In total about 200 high-resolution photos were used to create the 3D model. An automated turntable was used to expedite the process. Each camera position in the graphic below shows the camera position for each photo.
After post-processing the images and completing the 3d reconstruction process, the final result is a millimeter-accurate 3D model. This becomes an ideal ground truth for generating synthetic training data.
Synthetic Data: 3D Rendered #
Step 2: Synthetic data is an area that VFRAME has focused on heavily since 2019. It’s a game-changing technology for computer vision, especially for detecting rare and dangerous objects such as cluster munitions.
Typically, training images are gathered from online sources or from existing imaging systems such as CCTV. Images are then manually annotated in-studio, or outsourced to annotation click-workers in foreign countries. This creates multiple issues, among them data security, data bias, labor exploitation, cost, and the possibility of errors.

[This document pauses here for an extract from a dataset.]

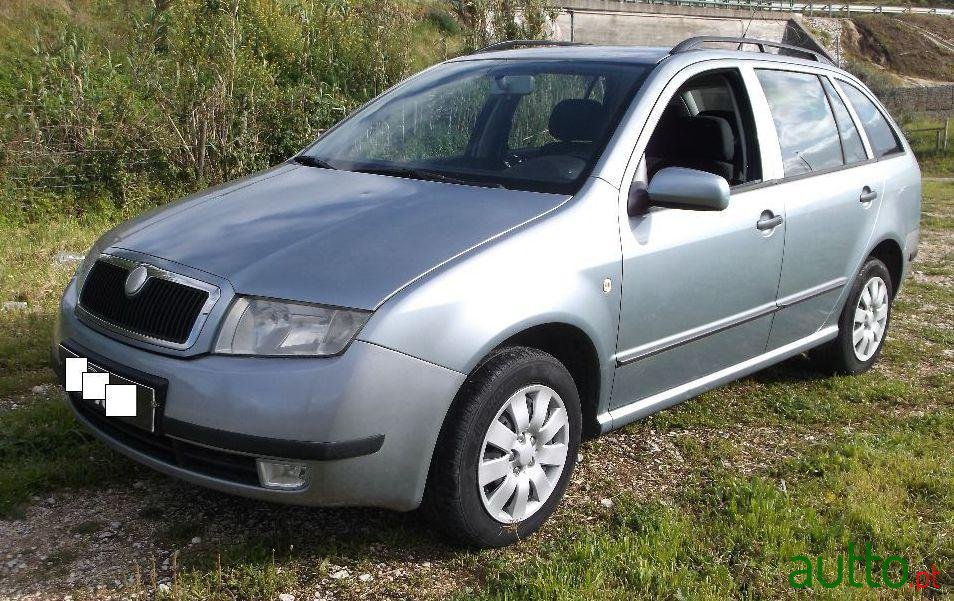 2004' Skoda Fabia Break photo #2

Synthetic data solves many of these problems because the annotations are automatically generated by software, diversity and bias can be controlled for, weather conditions can be programmed, and it can lower the overall cost. To develop the 9N235/9N210 synthetic training dataset, over 10,000 unique images were rendered using various lighting environments, scene compositions, dirt variations, damage variations, and camera lenses. Each factor can be deliberately controlled for.

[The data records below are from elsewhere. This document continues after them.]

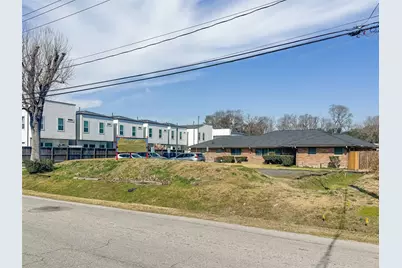 719 E Whitney Street, Houston, TX 77022 - Photo 1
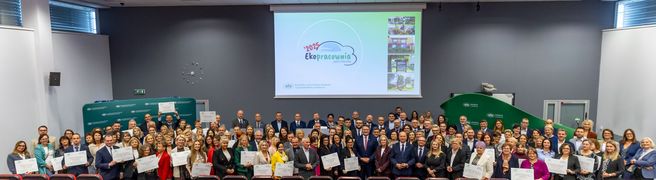 Zdjęcie przedstawia symboliczne wręczenie dofinansowania.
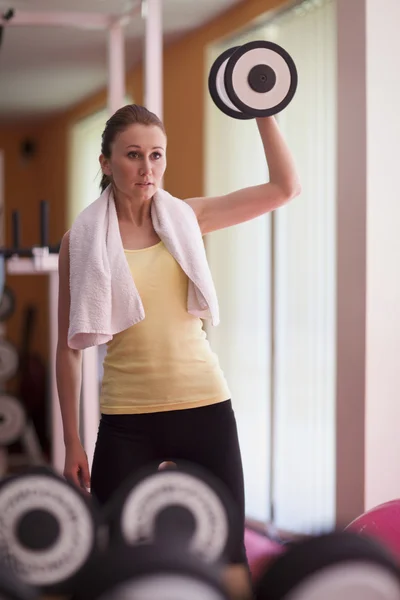 Frau beim Gewichtheben — Stockfoto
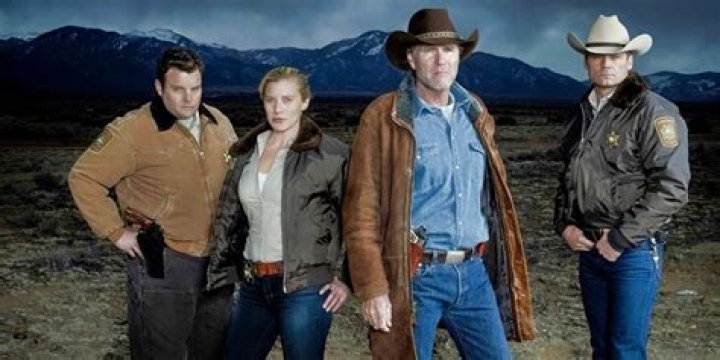 Did Vic from Longmire hurt her leg in real life?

The way the object appears in the synthetic image is based on observations from the preliminary research. It reflects how the submunition lands, material properties and weathering effects, and the terrain where its being documented. Often the submunition is lodged into a soft ground surface with all 6 black tail fins pointing upright. But sometimes the tail fins will break leaving a metal tube with anywhere from 0-6 fins. This can also be modeled for and is important to control the confidence levels for false positives.
The example image below was rendered using a 40mm lens, F5.6 aperture, afternoon lighting, centered on the 9N235 with all 6 fins intact. To improve diversity every image is procedurally randomized then manually reviewed to ensure the training data aligns with the expected outcomes.

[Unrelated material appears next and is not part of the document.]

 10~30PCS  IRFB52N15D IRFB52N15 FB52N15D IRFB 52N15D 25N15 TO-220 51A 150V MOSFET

Synthetic Data: 3D Printed #
Step 3: With enough work, 3D-rendered images can achieve convincing photorealism but they still contain artifacts of a simulated world and risk overfitting if the target objects are too rigid or lack diversity. Based on research carried out over the last several years, algorithms trained on synthetic data will always overfit and produce overconfident and misleading results if 3D-rendered synthetic images are used in the test dataset. To escape this curse of simulation, VFRAME has pioneered a hybrid approach that uses 3D-printed data to generate synthetic images in the “real-world”.
3D-printed data refers to the process of creating a 1:1 physical replica of an object using 3D-scanning, 3D-printing, and artistic replication. By recreating the digital surrogate object in the real world it escapes the limitations of 3D-rendered worlds and bridges the gap towards a more real reality. In other words, the 3D-printed replica can now be placed in a controlled staging environment to create scenes that would otherwise be too complex or costly to 3D model.
Another significant advantage of using 3D-printed data for submunitions is safety. Obtaining submunitions always involves risk, and removing the explosives material to make it FFE involves further risk for EOD personnel. The 3D-printed replicas are inert, hollow, plastic, and can even be made using environmentally responsible bioplastics like PLA.
The results are not perfect but can be convincingly real. Below are two photos of 9N235/9N210 submunitions. One is real and one is a replica. Both are covered in mud and photographed with the same camera in wet forest terrain.
Benchmark Data #
With the submunition 3D-modeled, synthetic images 3D-rendered, and 3D-printed models photographed, the next step is to curate the benchmark dataset to how well, or not, the neural network is able to detect the object.
Benchmark data is essential for understanding the accuracy of the trained object detector. An easy benchmark dataset yields unrealistic expectations for what the detector is capable of. To overcome bias in benchmark data, it’s helpful to spread this task across many seasons, terrain, contributors, and hardware. Images should contain easy, medium, and difficult scenarios. Not only is diversity useful for the model metrics, but it helps communicate to end users how well the detector can be expected to perform when, for example, a munition is partially exploded or broken. Or when it will trigger false-positives on similar looking objects. This is especially important for objects that pose a risk to life.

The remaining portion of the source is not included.